Average assets under management (AAUM) of fund houses touched the Rs 13-lakh-crore mark in the July-September quarter as investors continued to enter mutual funds despite volatile equity markets.
All the top 10 fund houses registered rise in their assets while UTI Asset Management Company (AMC) entered the Rs 1-lakh-crore club.
According to data from the Association of Mutual Funds in India (Amfi), in the July-September quarter, the total AAUM of 43 fund houses stood at Rs 13,15,759.98 crore against Rs 12,28,521.08 crore in the April-June quarter, a surge of 7.1%, or Rs 87,238.90 crore. HDFC AMC continued to retain the top slot at Rs 17,08,37.65 crore, while ICICI Prudential AMC stood at the second position with an AAUM of Rs 16,46,28.50 crore during July-September.
Dinesh Kumar Khara, MD & CEO, SBI AMC, said: “While markets have remained volatile in the last few weeks, investors have continued to invest in mutual funds. Retail investors have understood that it’s always better to come through the MF route rather than going directly into equity markets. We have seen flows in both debt and equity at our fund house.”
SBI AMC’s AAUM for July-September quarter was Rs 88,627.99 crore, a growth of around 6% compared to the April-June quarter.Despite the surge in assets in the industry, JPMorgan AMC saw its AAUM dip 15% to Rs 12,455.17 crore in the July-September quarter.
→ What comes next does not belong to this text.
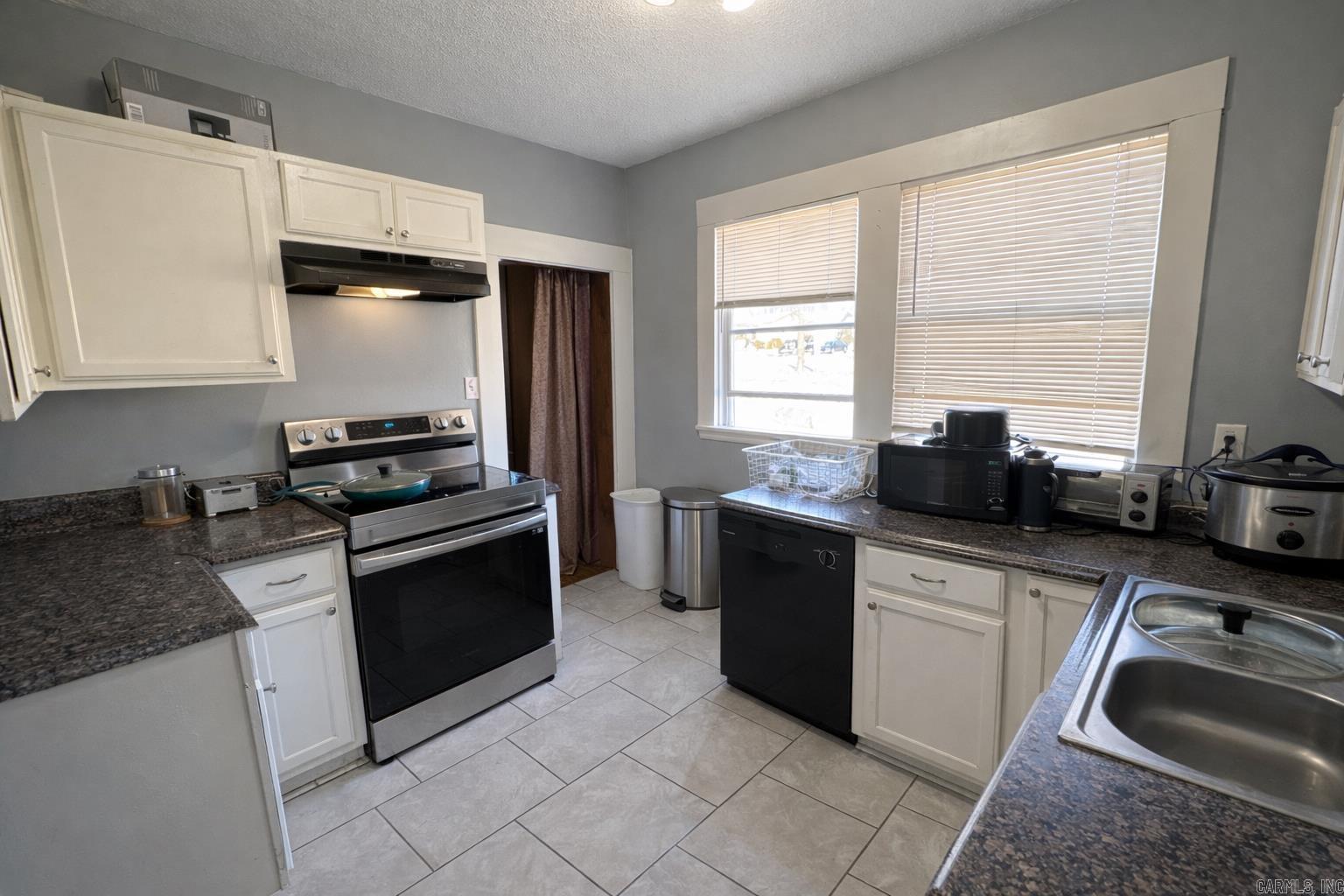 2005 Valmar  Little Rock, AR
Market participants say this could be due to outflows from its debt schemes hit by the Amtek Auto crises. In the overall industry, five houses — mostly in the mid- and small-size segemt — saw fall in their assets in the quarter.
“With a rate cut, debt funds looks attractive at this point of time and we don’t see any reason why investors will stop investing in the mutual funds. So, we would continue to witness inflows,” added Khara. Among the top 10 fund houses, UTI AMC and Kotak Mahindra AMC registered growth in double digits. UTI AMC saw its assets rise 12.24% to Rs 104077.40 crore whereas Kotak Mahindra AMC saw a surge of 17.54% to Rs 56,510.78 crore.